:: Task details ::
What you return must match the records below exactly, apart from the omitted pictures.

----------

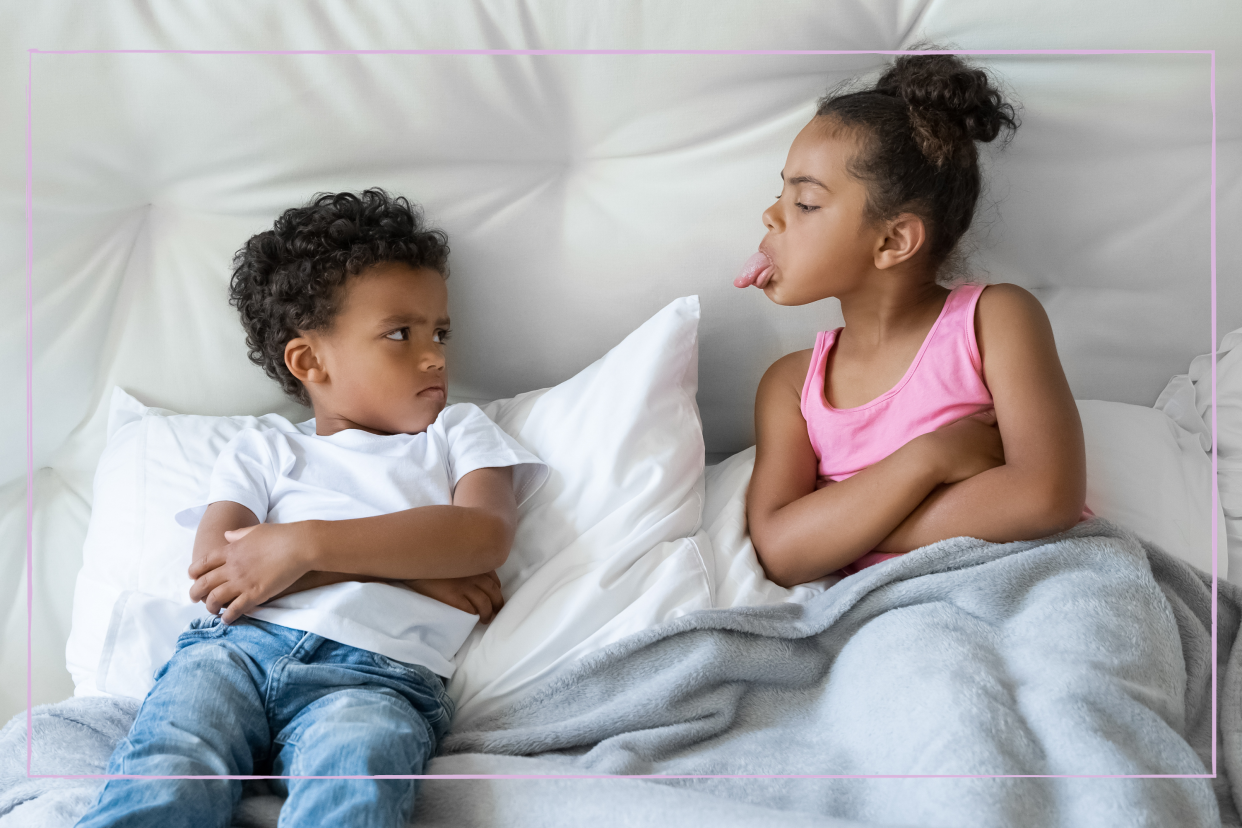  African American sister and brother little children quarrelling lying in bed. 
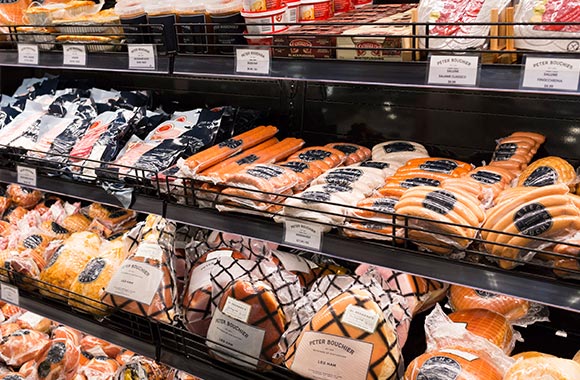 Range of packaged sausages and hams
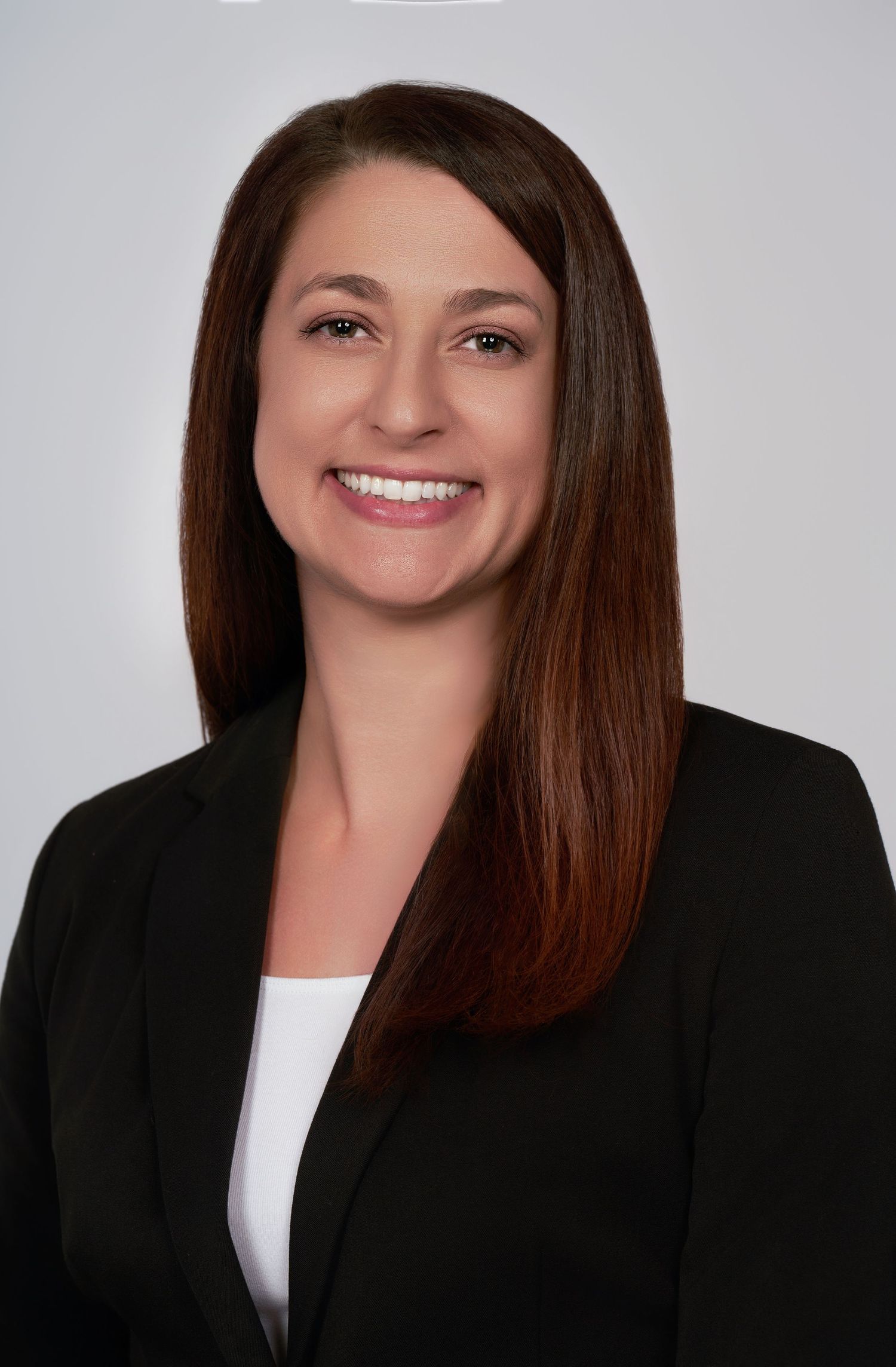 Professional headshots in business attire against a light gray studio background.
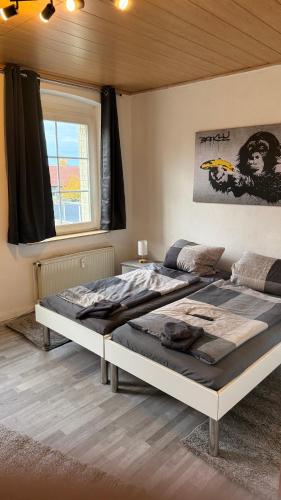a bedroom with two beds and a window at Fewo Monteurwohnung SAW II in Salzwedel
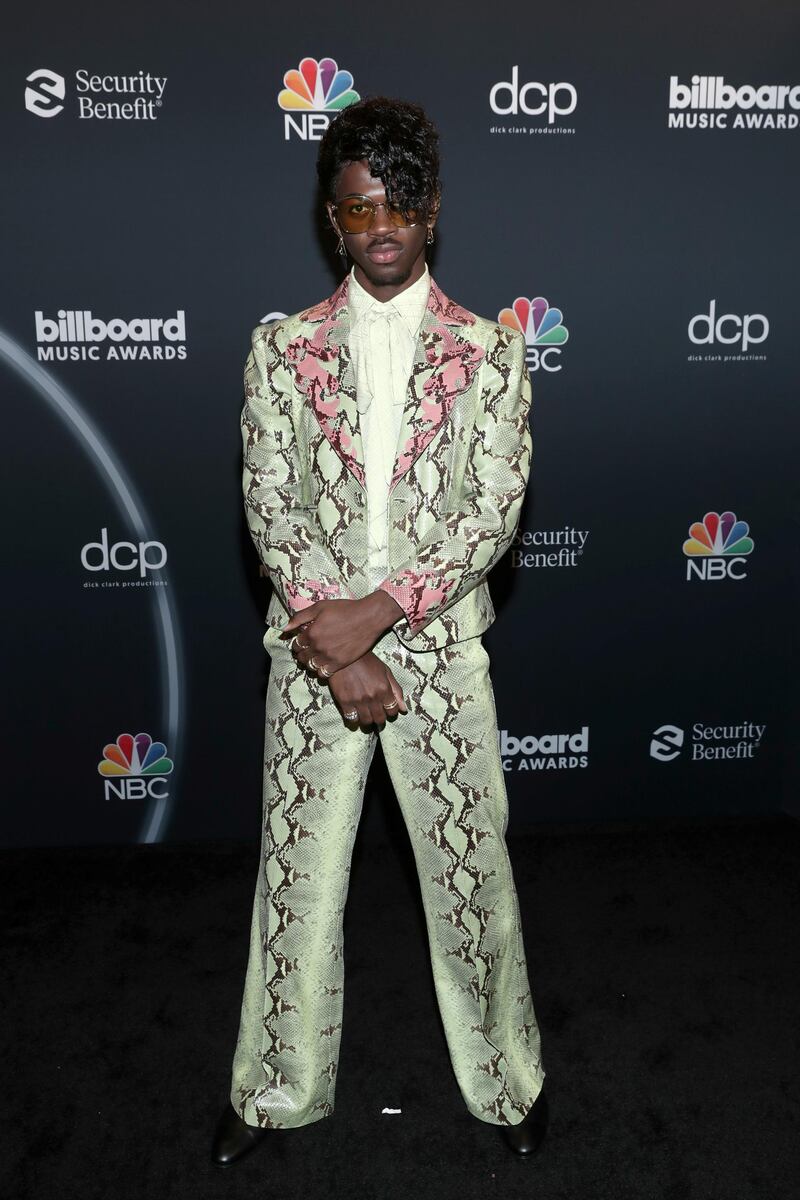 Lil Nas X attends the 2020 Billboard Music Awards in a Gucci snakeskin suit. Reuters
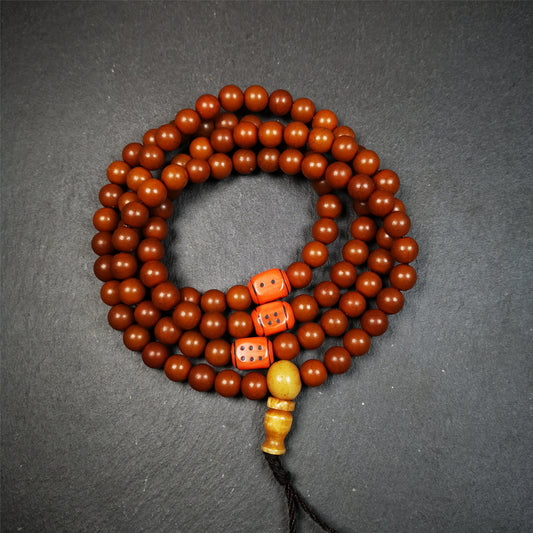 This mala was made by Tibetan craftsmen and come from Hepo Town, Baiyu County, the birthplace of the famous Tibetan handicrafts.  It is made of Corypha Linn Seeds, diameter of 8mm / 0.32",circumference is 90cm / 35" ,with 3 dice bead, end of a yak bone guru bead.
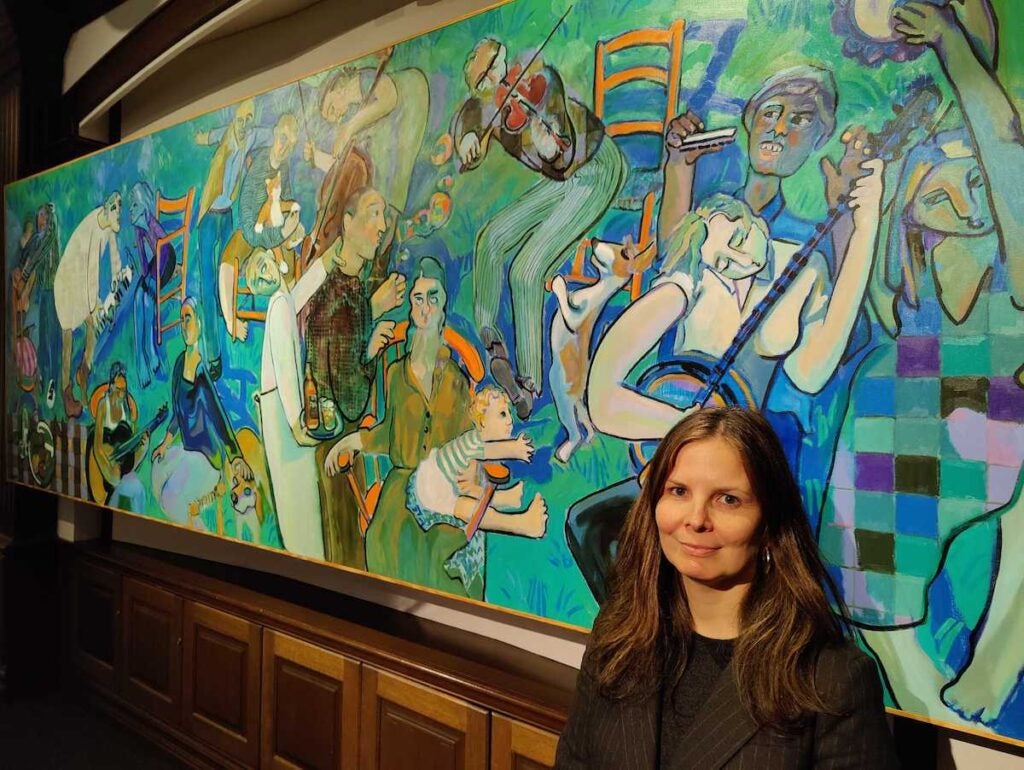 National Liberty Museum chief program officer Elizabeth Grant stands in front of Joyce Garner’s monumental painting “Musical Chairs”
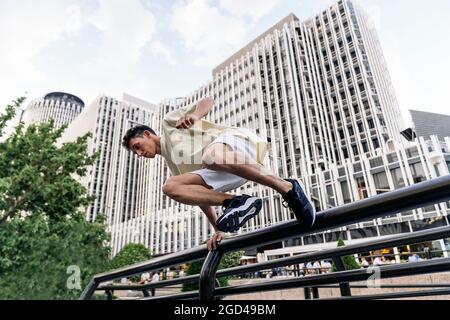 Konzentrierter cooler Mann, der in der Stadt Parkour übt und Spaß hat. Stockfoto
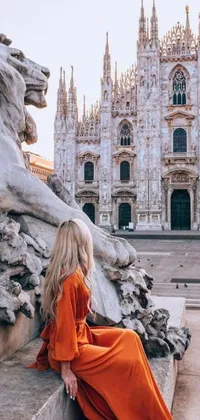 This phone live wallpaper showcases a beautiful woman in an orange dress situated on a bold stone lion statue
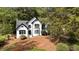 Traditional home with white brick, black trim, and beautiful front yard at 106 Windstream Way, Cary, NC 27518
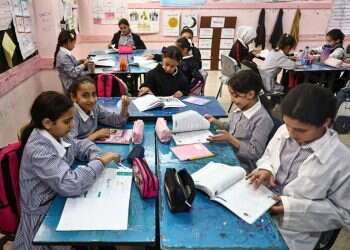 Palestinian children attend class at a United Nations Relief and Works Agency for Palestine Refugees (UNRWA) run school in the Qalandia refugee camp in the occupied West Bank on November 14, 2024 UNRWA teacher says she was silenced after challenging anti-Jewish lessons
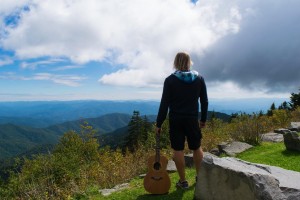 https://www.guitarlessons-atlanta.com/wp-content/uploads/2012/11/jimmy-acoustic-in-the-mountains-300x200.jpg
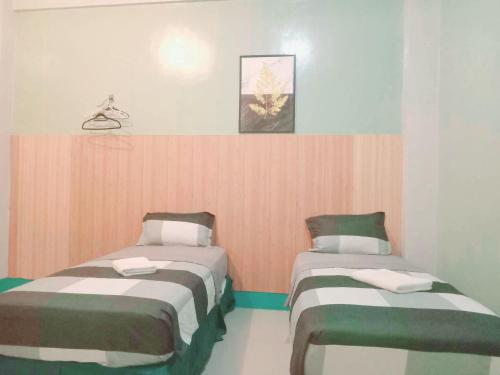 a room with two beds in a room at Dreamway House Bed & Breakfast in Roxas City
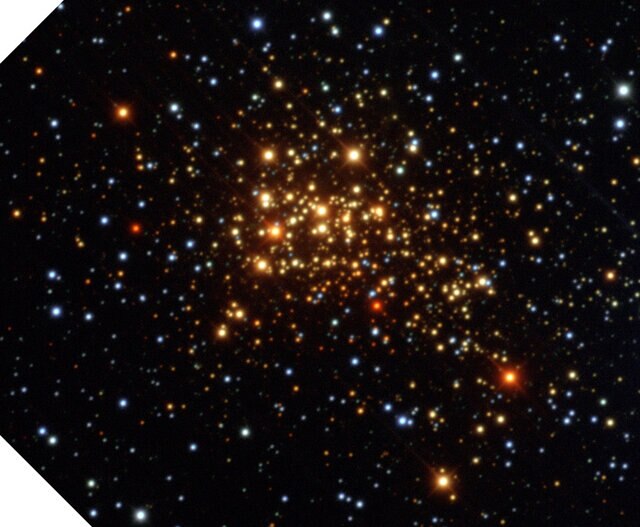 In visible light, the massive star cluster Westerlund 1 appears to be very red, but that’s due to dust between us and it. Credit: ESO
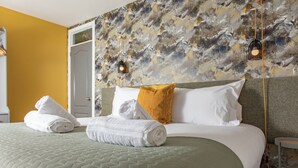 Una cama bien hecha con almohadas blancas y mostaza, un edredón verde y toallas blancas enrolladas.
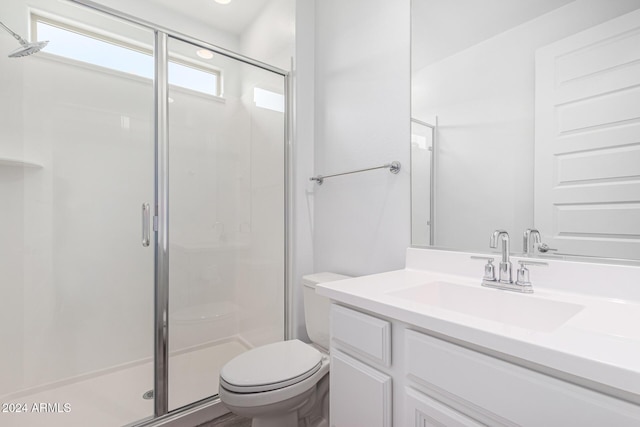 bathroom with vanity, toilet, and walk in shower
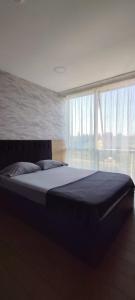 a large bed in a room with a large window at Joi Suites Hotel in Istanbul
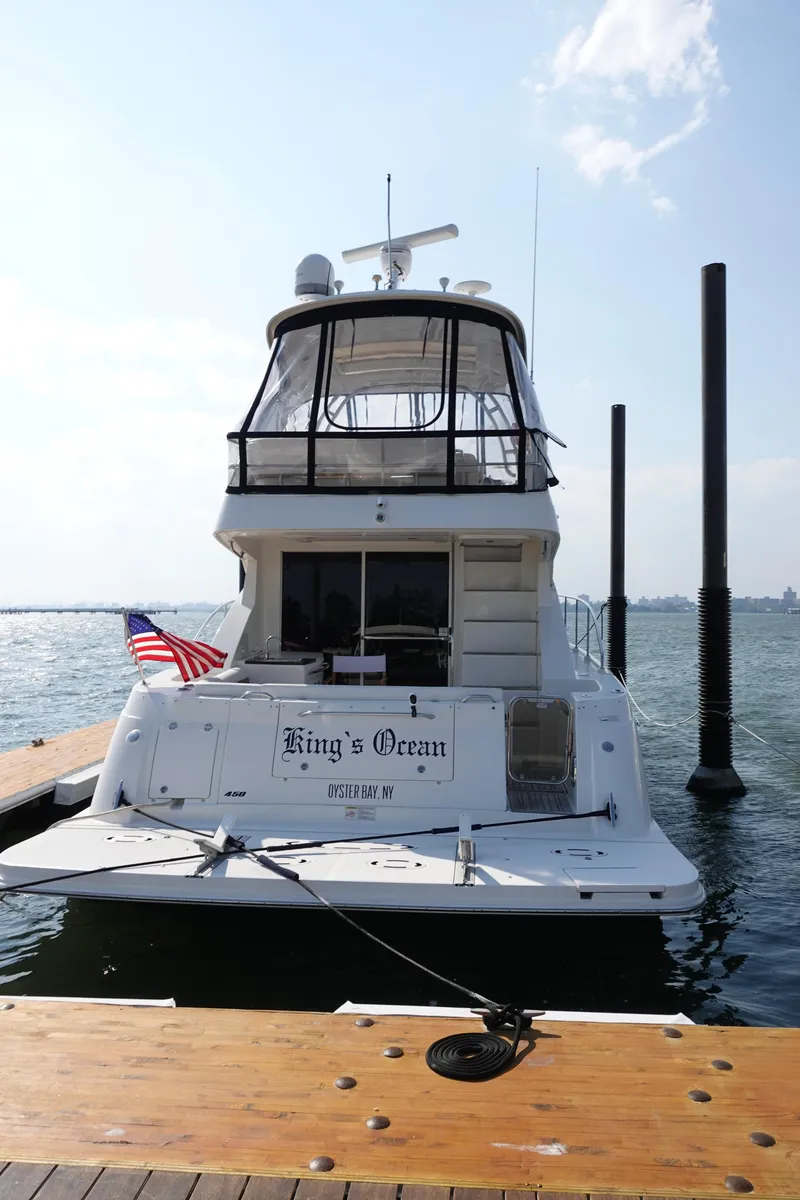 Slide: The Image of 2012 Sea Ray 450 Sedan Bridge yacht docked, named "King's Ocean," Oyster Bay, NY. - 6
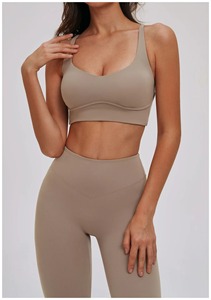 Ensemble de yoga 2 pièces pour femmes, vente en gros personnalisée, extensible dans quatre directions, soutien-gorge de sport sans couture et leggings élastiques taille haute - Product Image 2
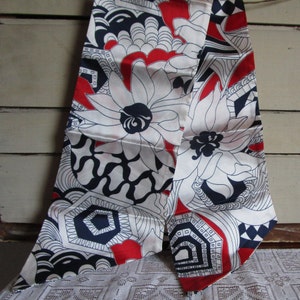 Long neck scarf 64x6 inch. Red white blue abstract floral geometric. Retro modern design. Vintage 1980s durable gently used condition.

----------

:: Completed exercise ::
  African American sister and brother little children quarrelling lying in bed. 
 Range of packaged sausages and hams
 Professional headshots in business attire against a light gray studio background.
a bedroom with two beds and a window at Fewo Monteurwohnung SAW II in Salzwedel
 Lil Nas X attends the 2020 Billboard Music Awards in a Gucci snakeskin suit. Reuters
 This mala was made by Tibetan craftsmen and come from Hepo Town, Baiyu County, the birthplace of the famous Tibetan handicrafts.  It is made of Corypha Linn Seeds, diameter of 8mm / 0.32",circumference is 90cm / 35" ,with 3 dice bead, end of a yak bone guru bead.
 National Liberty Museum chief program officer Elizabeth Grant stands in front of Joyce Garner’s monumental painting “Musical Chairs”
 Konzentrierter cooler Mann, der in der Stadt Parkour übt und Spaß hat. Stockfoto
 This phone live wallpaper showcases a beautiful woman in an orange dress situated on a bold stone lion statue
 Traditional home with white brick, black trim, and beautiful front yard at 106 Windstream Way, Cary, NC 27518
 Palestinian children attend class at a United Nations Relief and Works Agency for Palestine Refugees (UNRWA) run school in the Qalandia refugee camp in the occupied West Bank on November 14, 2024 UNRWA teacher says she was silenced after challenging anti-Jewish lessons
 https://www.guitarlessons-atlanta.com/wp-content/uploads/2012/11/jimmy-acoustic-in-the-mountains-300x200.jpg
 a room with two beds in a room at Dreamway House Bed & Breakfast in Roxas City
 In visible light, the massive star cluster Westerlund 1 appears to be very red, but that’s due to dust between us and it. Credit: ESO
 Una cama bien hecha con almohadas blancas y mostaza, un edredón verde y toallas blancas enrolladas.
 bathroom with vanity, toilet, and walk in shower
 a large bed in a room with a large window at Joi Suites Hotel in Istanbul
 Slide: The Image of 2012 Sea Ray 450 Sedan Bridge yacht docked, named "King's Ocean," Oyster Bay, NY. - 6
 Ensemble de yoga 2 pièces pour femmes, vente en gros personnalisée, extensible dans quatre directions, soutien-gorge de sport sans couture et leggings élastiques taille haute - Product Image 2
 Long neck scarf 64x6 inch. Red white blue abstract floral geometric. Retro modern design. Vintage 1980s durable gently used condition.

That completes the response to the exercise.